* **DATA EXTRACT**
+-------+

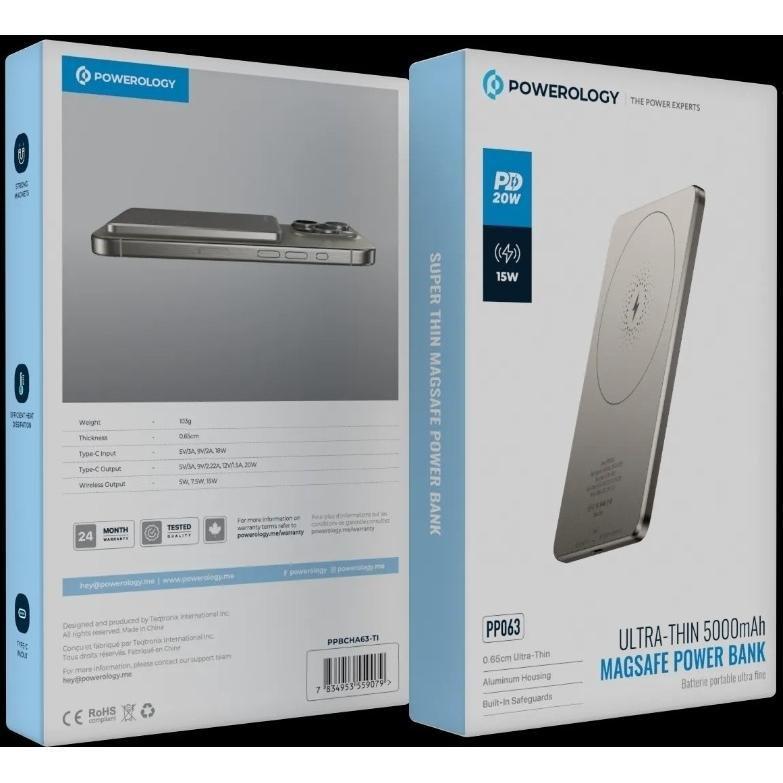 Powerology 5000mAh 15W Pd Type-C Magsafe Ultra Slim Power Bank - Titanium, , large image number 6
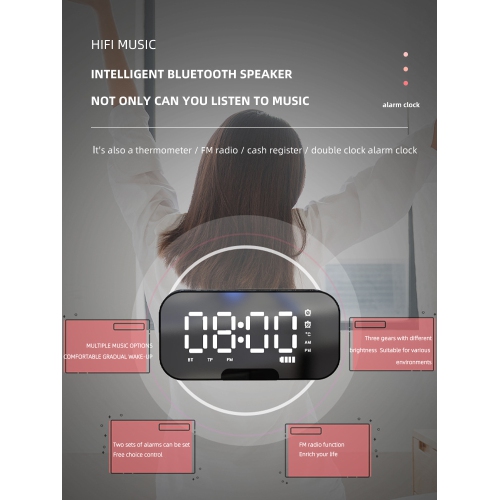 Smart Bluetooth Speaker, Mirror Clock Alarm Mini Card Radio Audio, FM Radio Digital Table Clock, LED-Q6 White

+-------+

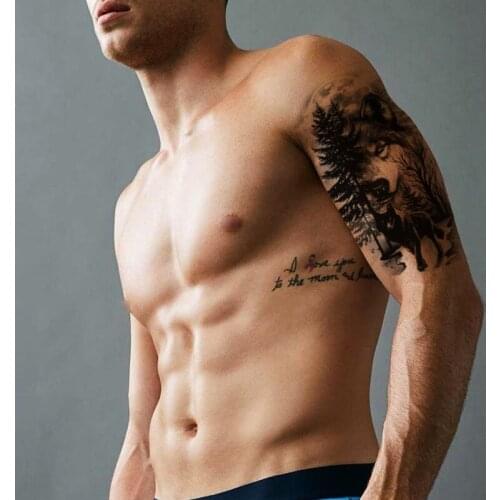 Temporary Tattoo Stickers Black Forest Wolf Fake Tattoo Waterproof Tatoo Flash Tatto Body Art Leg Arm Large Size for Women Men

+-------+

In the listing above, find the line holding "Powerology 5000mAh 15W" and the line holding "Smart Bluetooth Speaker, Mirror". Reproduce those two lines and all between them exactly, leaving out pictures.

 Powerology 5000mAh 15W Pd Type-C Magsafe Ultra Slim Power Bank - Titanium, , large image number 6
 Smart Bluetooth Speaker, Mirror Clock Alarm Mini Card Radio Audio, FM Radio Digital Table Clock, LED-Q6 White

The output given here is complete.